→ **Activity**
Upon reaching the line that contains "Matthew Newman Email & Phone Number" in the records below, begin repeating every line exactly through the last one, skipping pictures.
------ Input data
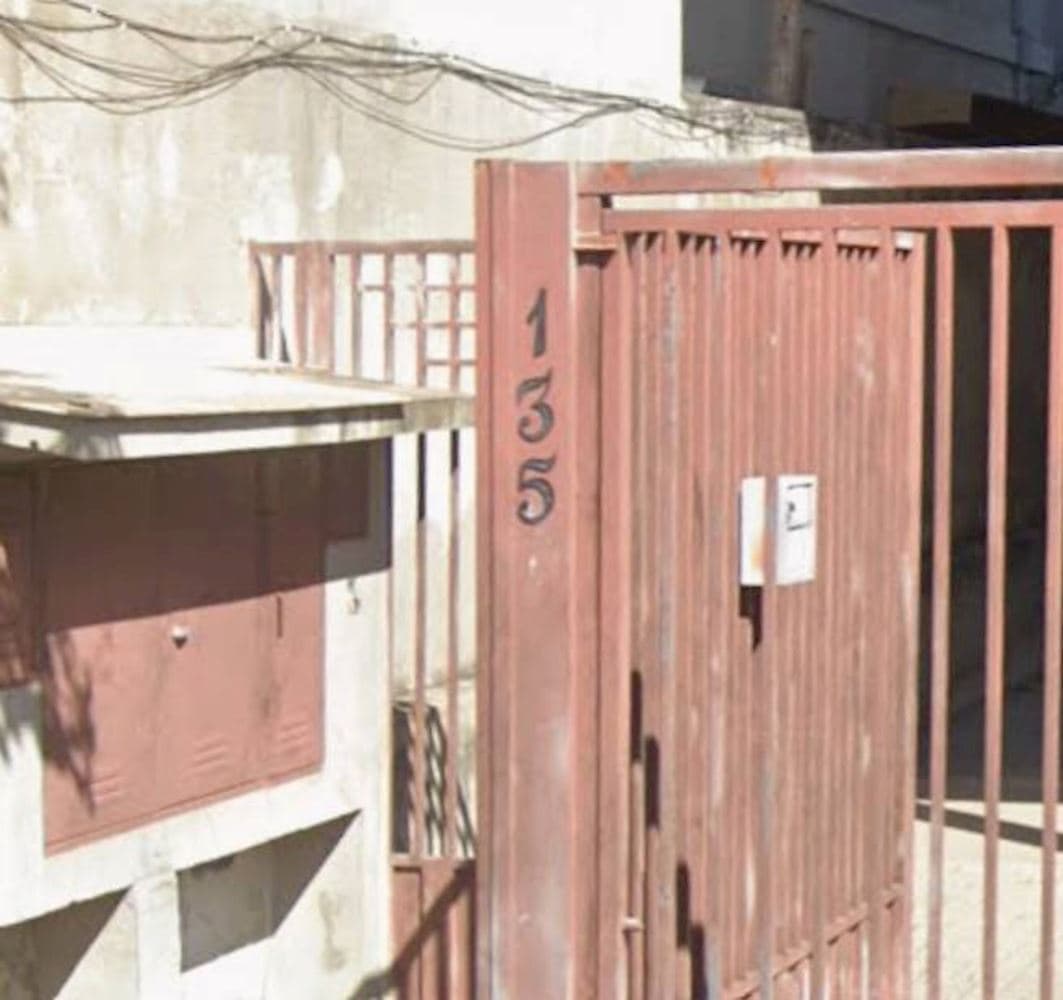 Foto 6 de 6: Apartamento em leilão em Atibaia - SP, bairro Nova Cerejeira — Apartamento em Nova Cerejeira - Atibaia/SP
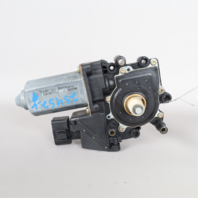 1999-2002 Porsche Boxster 986 Left Door Window Motor OEM Used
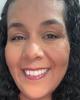 Kathy is single in Beaumont, AB CAN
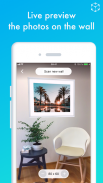 myposter - Photo Prints, Photo Books & more screenshot 12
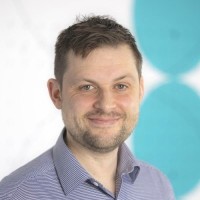 Matthew Newman Email & Phone Number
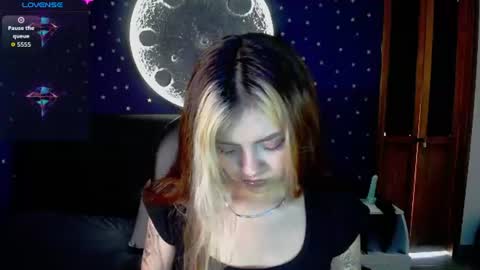 fabzy online show from 07/27/26, 04:47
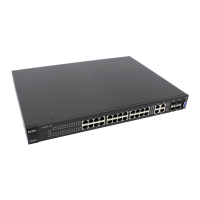 Preview: ZyXEL Communications GS2200-24 Series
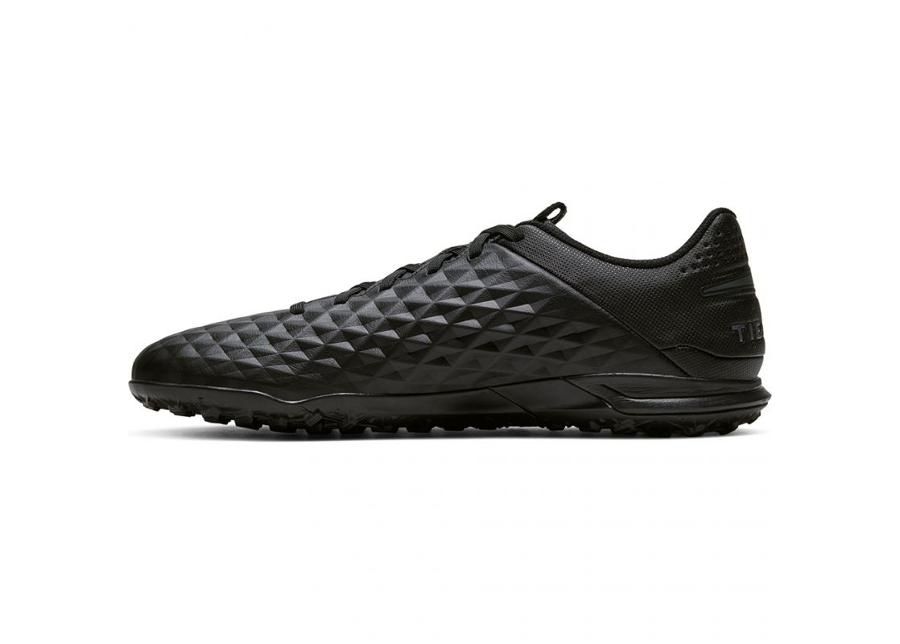 Мужские футбольные бутсы Nike Tiempo Legend 8 Academy TF M AT6100 010 увеличить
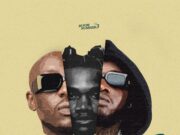 Mbosso Ft Bien & Khaligraph Jones – Pawa II Mbosso Ft Bien & Khaligraph Jones - Pawa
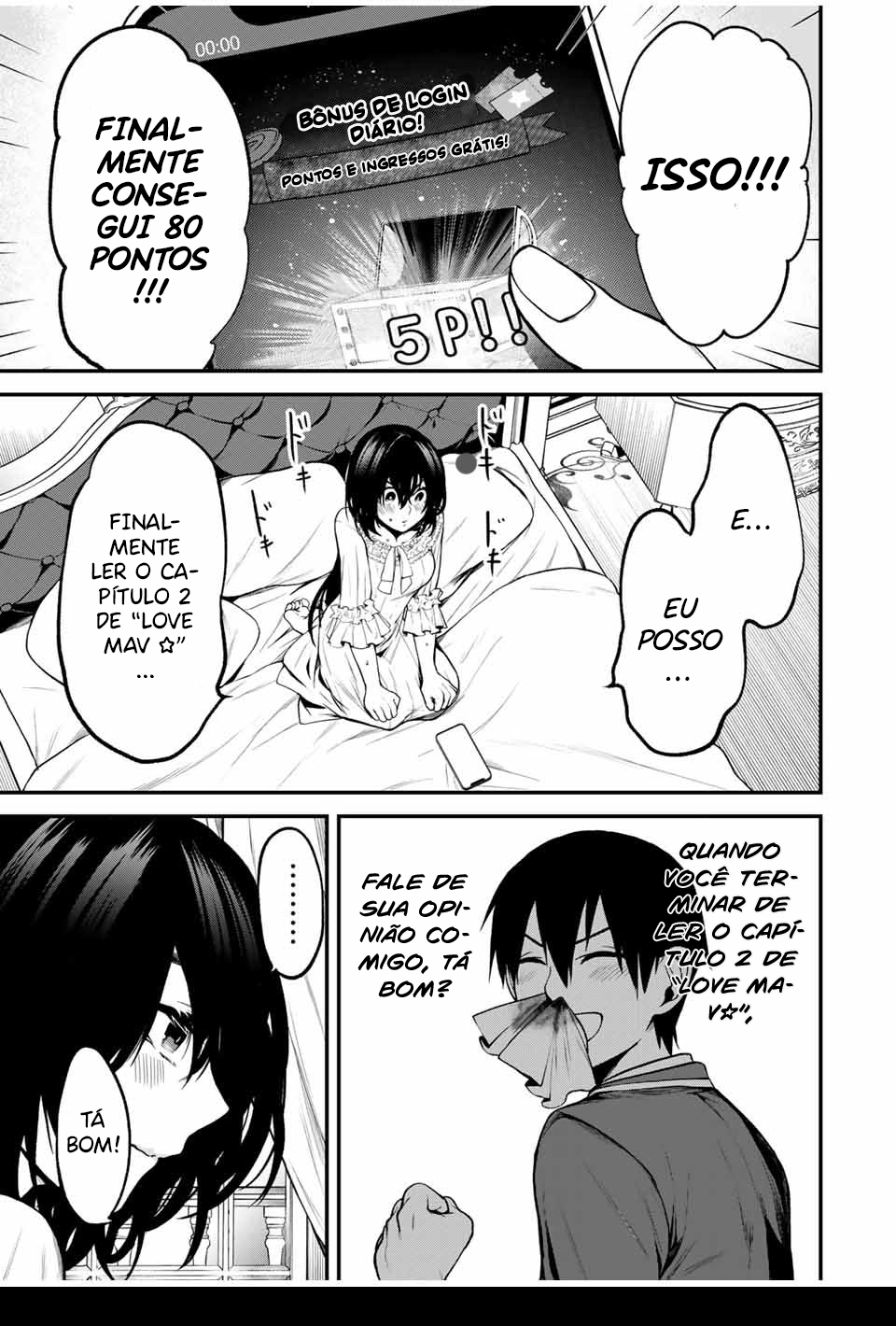 Página /85fe6d04436a14e17e4a6c208c3914f9/014.png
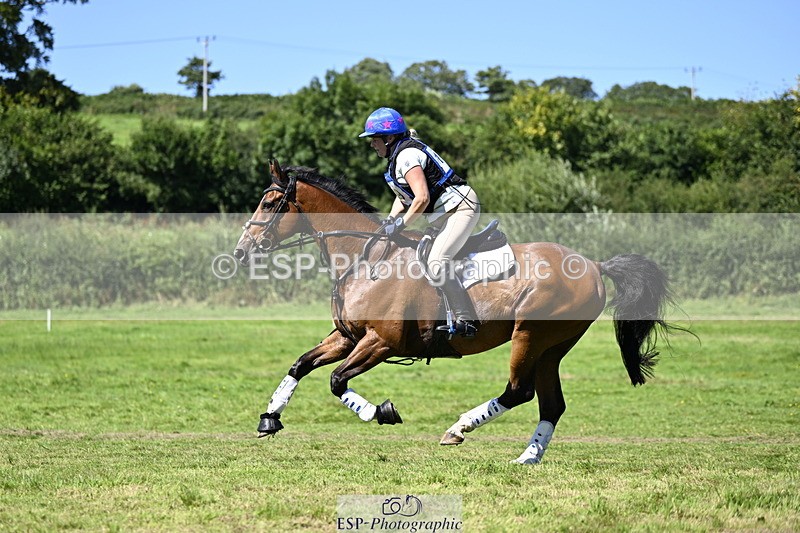 240811A-150441-05259 - 169-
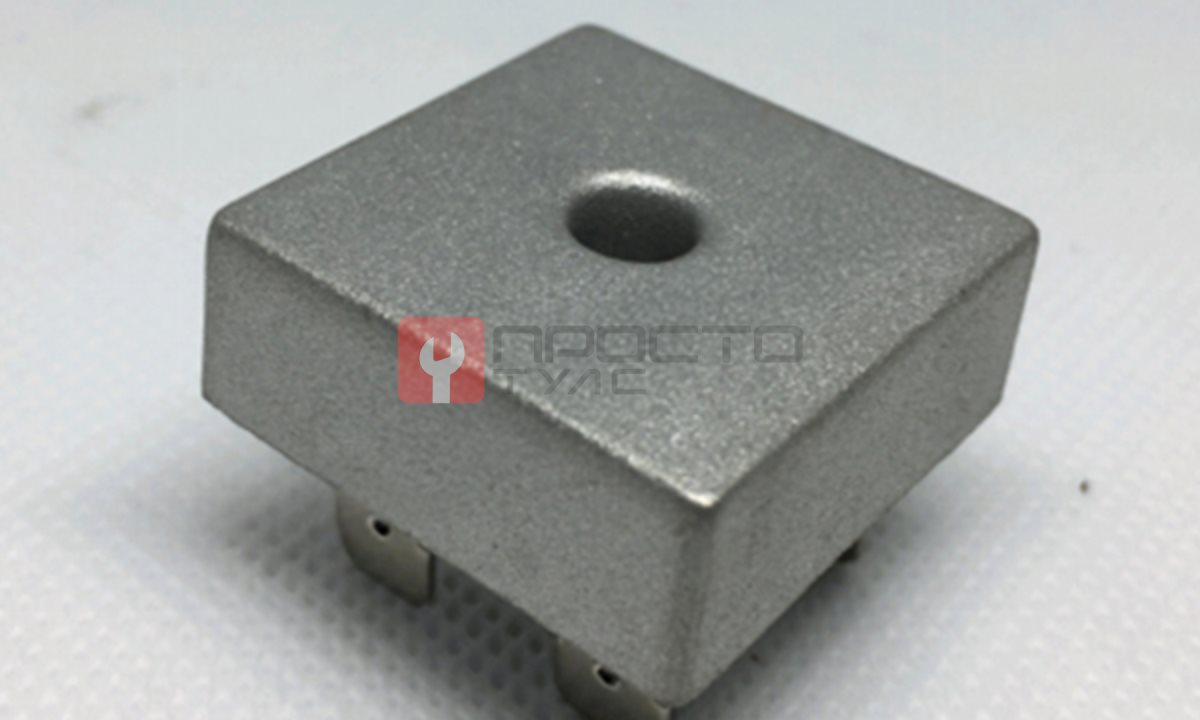  Выпрямитель для подъемника KBPS5010 (0)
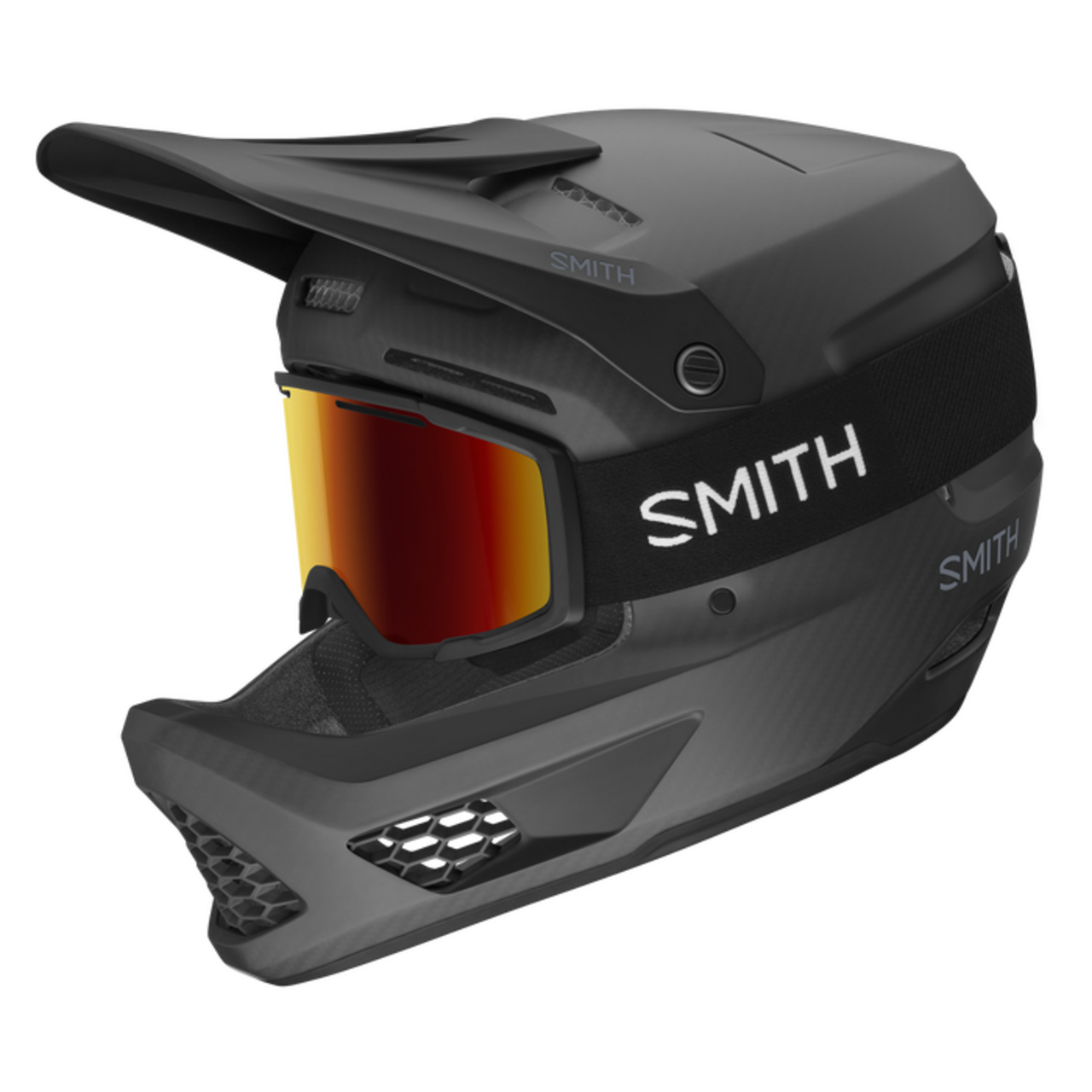 Hardline Carbon Mips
------------
→ **Reply to the exercise**
 Matthew Newman Email & Phone Number
 fabzy online show from 07/27/26, 04:47
 Preview: ZyXEL Communications GS2200-24 Series
 Мужские футбольные бутсы Nike Tiempo Legend 8 Academy TF M AT6100 010 увеличить
 Mbosso Ft Bien & Khaligraph Jones – Pawa II Mbosso Ft Bien & Khaligraph Jones - Pawa
 Página /85fe6d04436a14e17e4a6c208c3914f9/014.png
 240811A-150441-05259 - 169-
  Выпрямитель для подъемника KBPS5010 (0)
 Hardline Carbon Mips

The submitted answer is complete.